Les temps ont changé. Il n'y a plus de caverne, plus de pierre à rouler, plus d'ours à redouter. Tout cela est remplacé par l'usine, le tribunal, la gent d'armes, en un mot : la société... Mais les trois types d'exploiteurs demeurent ; nous les retrouvons partout à l'état pur ou combiné.

Le régime patronal est la première ou la seconde forme d'exploitation (force ou ruse) et quelquefois les deux combinées. On peut en dire autant de l'Etat.

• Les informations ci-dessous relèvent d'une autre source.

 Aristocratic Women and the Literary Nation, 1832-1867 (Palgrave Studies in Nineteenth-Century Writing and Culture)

Quant à la troisième variété d'exploiteur : l'inerte, elle se retrouve dans toutes les classes sociales : le moindre effortiste pourrit à tous les échelons.

Celui qui, parce qu'il a hérité de ses ascendants une fortune, ne produit pas et vit de la production des autres, celui-là est un exploiteur.

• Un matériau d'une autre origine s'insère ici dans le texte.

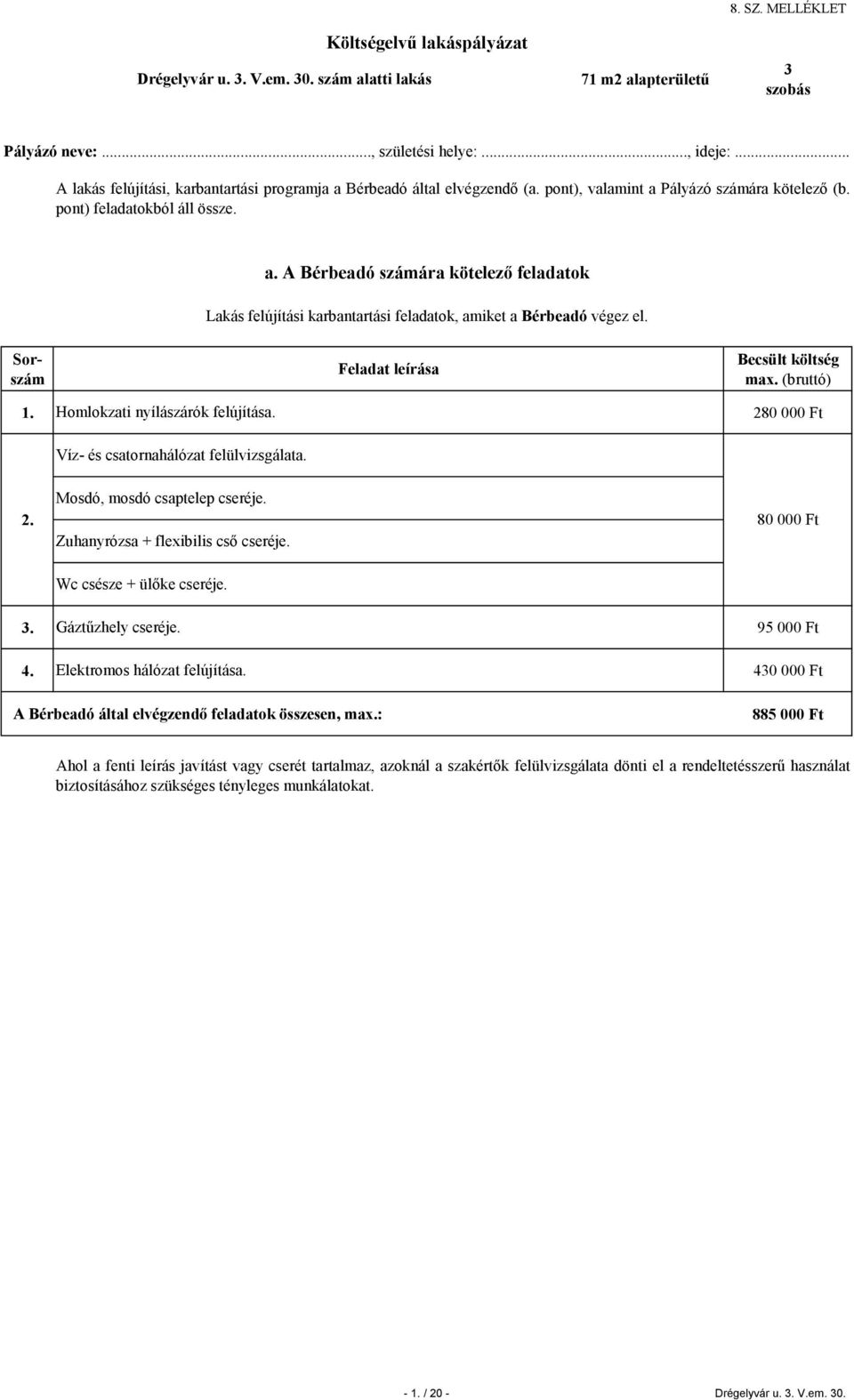 1. Homlokzati nyílászárók felújítása. Víz- és csatornahálózat felülvizsgálata. 2. Mosdó, mosdó csaptelep cseréje. Zuhanyrózsa + flexibilis cső cseréje. 80 000 Ft Wc csésze + ülőke cseréje. 3.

Parmi ceux qu'il exploite, il y a des équipes de travailleurs dont le salaire individuel est basé sur la production commune. L'ouvrier qui, comptant sur l'effort de ses camarades, réduit son propre effort au minimum, sachant que l'effort des autres lui assure son salaire, celui-là est aussi un exploiteur, mais plus odieux que le précédent.

Certes, les représentants des classes dominantes sont des exploiteurs, mais, outre ces exploiteurs d'en haut, il y a les exploiteurs d'en bas.

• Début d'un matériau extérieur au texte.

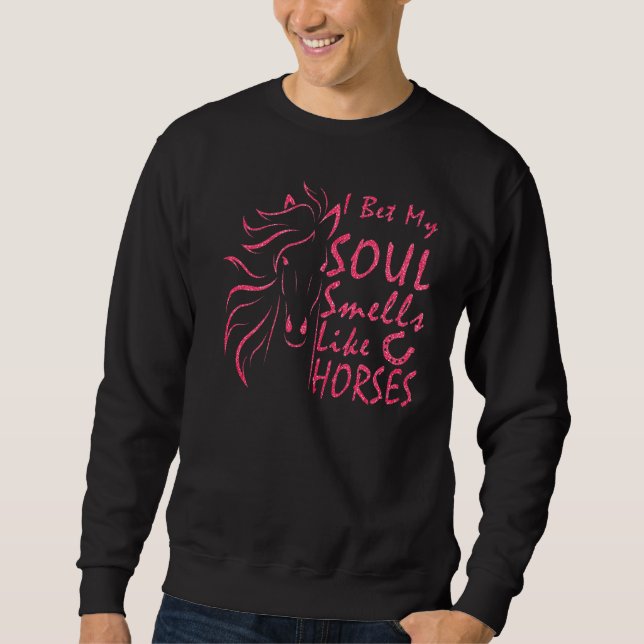 Sudadera Apuesto A Que Mi Alma Huele Como Caballos 8 (Anverso)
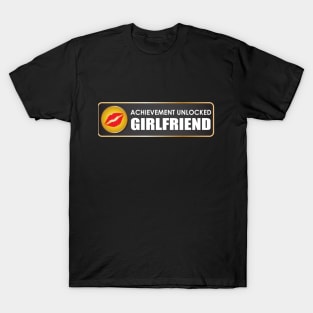 Achievement Unlocked Girlfriend T-Shirt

Passons sous silence l'exploitation de l'apprenti et de la ménagère par l'ouvrier.

Mais voici un autre cas : dans la même fabrique de chaussures, deux ouvriers du même âge ont débuté en même temps. L'un s'est contenté de faire ses quarante-huit heures par semaine ; il a pris son apéritif, son tabac et des distractions. Il vit au jour le jour sans souci du lendemain.

Et il a parfaitement raison. Personne n'a le droit de lui reprocher de prendre de la vie tout ce qu'il peut. Il ne nuit à personne.

Mais, depuis dix ans que ces deux ouvriers travaillent côte à côte, l'autre, qui ne fume pas, qui ne va pas au café, consacre deux heures par jour à réparer à son compte les chaussures des voisins. Grâce à cet effort, il a pu louer une boutique, acheter un outillage, quitter l'usine, et il fait maintenant de la chaussure sur mesures.

Ses affaires prospèrent ; la demande devient si pressante qu'il ne peut plus y suffire seul. Il propose à son ancien camarade de venir travailler avec lui et ils établissent ainsi son salaire : déduction faite des frais généraux et de la matière première, l'affaire laisse un bénéfice hebdomadaire X, la moitié est allouée au camarade.

Les voici tous deux gagnant plus qu'à l'usine et chacun profitant du travail de l'autre.

Celui qui a conçu et réalisé l'affaire, qui assume la responsabilité de sa bonne marche, va pouvoir consacrer plus de temps à son administration. Il est devenu « patron ».

Or, non seulement ce patron n'est pas un exploiteur, mais il est exploité par l'autre, qui reçoit aujourd'hui un meilleur salaire grâce aux dix années de préparation de celui-ci.

Pour que celui qui n'a pas fourni cet effort ne soit pas l'exploiteur de son camarade devenu patron, il faudrait qu'il fit à l'entreprise, et cela sous une forme quelconque, un apport, équivalent à celui de l'autre,

Ceci nous amène à dire que pour qu'il y ait exploitation, toujours au sens péjoratif, il faut qu'il y ait abus, contrainte, surprise ou préjudice.

Et encore, que ce n'est pas la situation sociale d'un individu qui le fait exploiteur, mais son tempérament. On naît exploiteur et on le demeure, que l'on soit salariant ou salarié.

Le tempérament de l'individu se transforme par l'éducation, non par la situation sociale, celle-ci ne jouant qu'en tant que facteur d'éducation.

Croire que l'initiateur de production qui rassemble de la main-d'œuvre librement contractante est, de ce seul fait, un exploiteur, c'est commettre une erreur préjudiciable à toute grande entreprise et au mieux-être.

Si un cordonnier indépendant gagne quarante francs par jour, deux cordonniers associés gagneront chacun cinquante ou soixante francs pour une somme égale de travail.

Il y aura donc mieux-être.

D'autres métiers exigent un effort collectif : un seul homme peut faire beaucoup de chaussures, mais il faut plusieurs hommes pour faire une seule locomotive, un seul navire.

Il convient donc de distinguer entre exploiteur et initiateur ou réalisateur.